Thursday, March 26, 2009

Stopouts

In discussion with some colleagues from other colleges, I realized recently that different colleges handle 'stopouts' very differently. 'Stopouts' are students who interrupt their degree path, and then return.

From a curricular standpoint, brief stopouts during which curricula don't change are no big deal. Someone takes a semester or a year off, then picks up where she left off. We can handle that.

But sometimes curricula change. And when they do, there's a decision to be made: which set of rules apply to the newly-returned student? Should she be subject to the original rules, the new rules, or a hybrid?

Apparently, all three of these approaches exist.

The advantage of the 'original rules still apply' approach is that the student is already on track. She doesn't lose any previous credits. When stopouts are brief and changes relatively minor, this can be the most reasonable approach.

The downsides, though, are several. First, and most obviously, it requires the college to run multiple versions of the same program simultaneously. That usually means eating some small sections, and even those don't capture everybody. (That's especially true as the stopouts get longer. A year-old program may still have critical mass. A five-year-old program almost certainly doesn't.)

With longer stopouts in certain programs, there can also be an issue of dated-ness. In fields where the material changes quickly, I'm not sure I'd want to mint fresh grads based on old coursework.

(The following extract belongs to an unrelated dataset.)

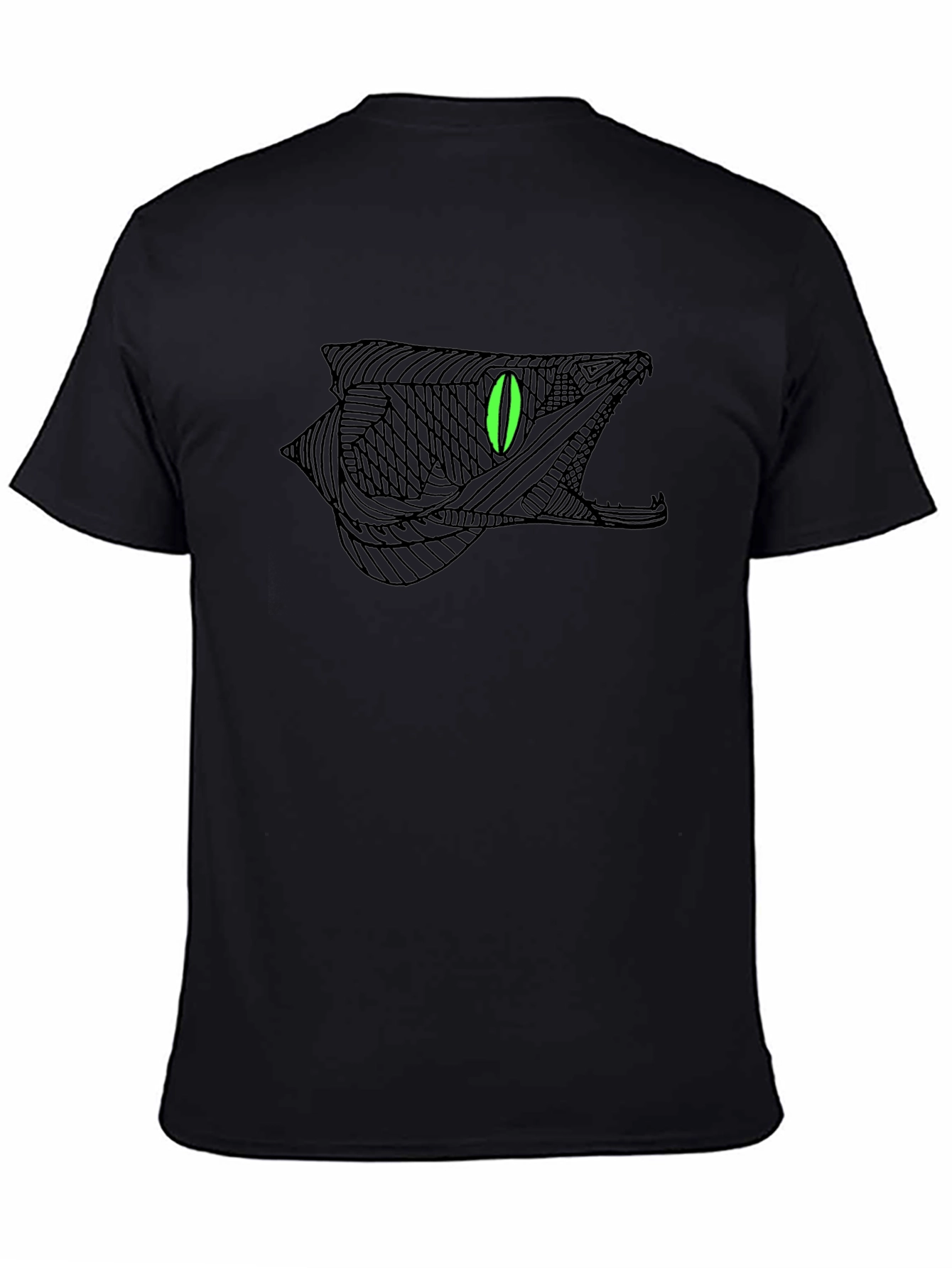 Mens Black Snake Graphic Tee - Stylish Design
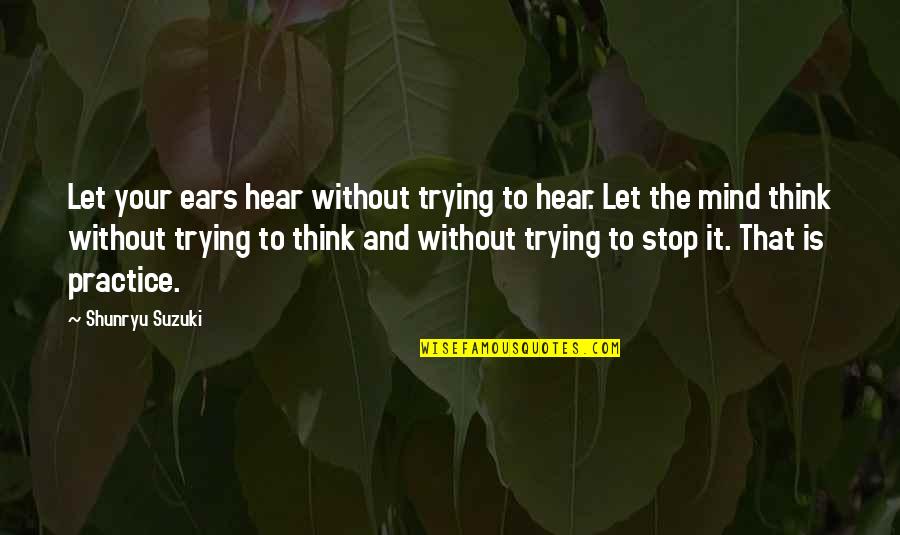 Stop And Think Quotes By Shunryu Suzuki: Let your ears hear without trying to hear.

Finally, if a curriculum changes relatively frequently, you can actually get into situations in which you'd have to run three or more different versions of a program at the same time. I've lived through this. Administratively, it's a honkin' nightmare.

The 'new rules' approach gets around the problem of running multiple versions simultaneously, but it raises issues of compatibility. Depending on how far along the student was, you may wind up with too few or too many credits in some categories, with incompatible prerequisites, and/or with a whole pile of 'course substitution' forms that make a mockery of both curricula.

The hybrid approach is often what actually happens, even though it's the least defensible theoretically (since it reflects a curriculum that nobody actually approved as such). It involves an individual chair or dean cobbling together a patchwork of the old and the new, working with whatever is at hand at the time. It's remarkably difficult to defend in the abstract, but on the ground, it's often the only reasonable way to actually get a student through.

Wise and worldly readers -- have you seen (or had) weird issues with stopping out? Is there an elegant way to handle them?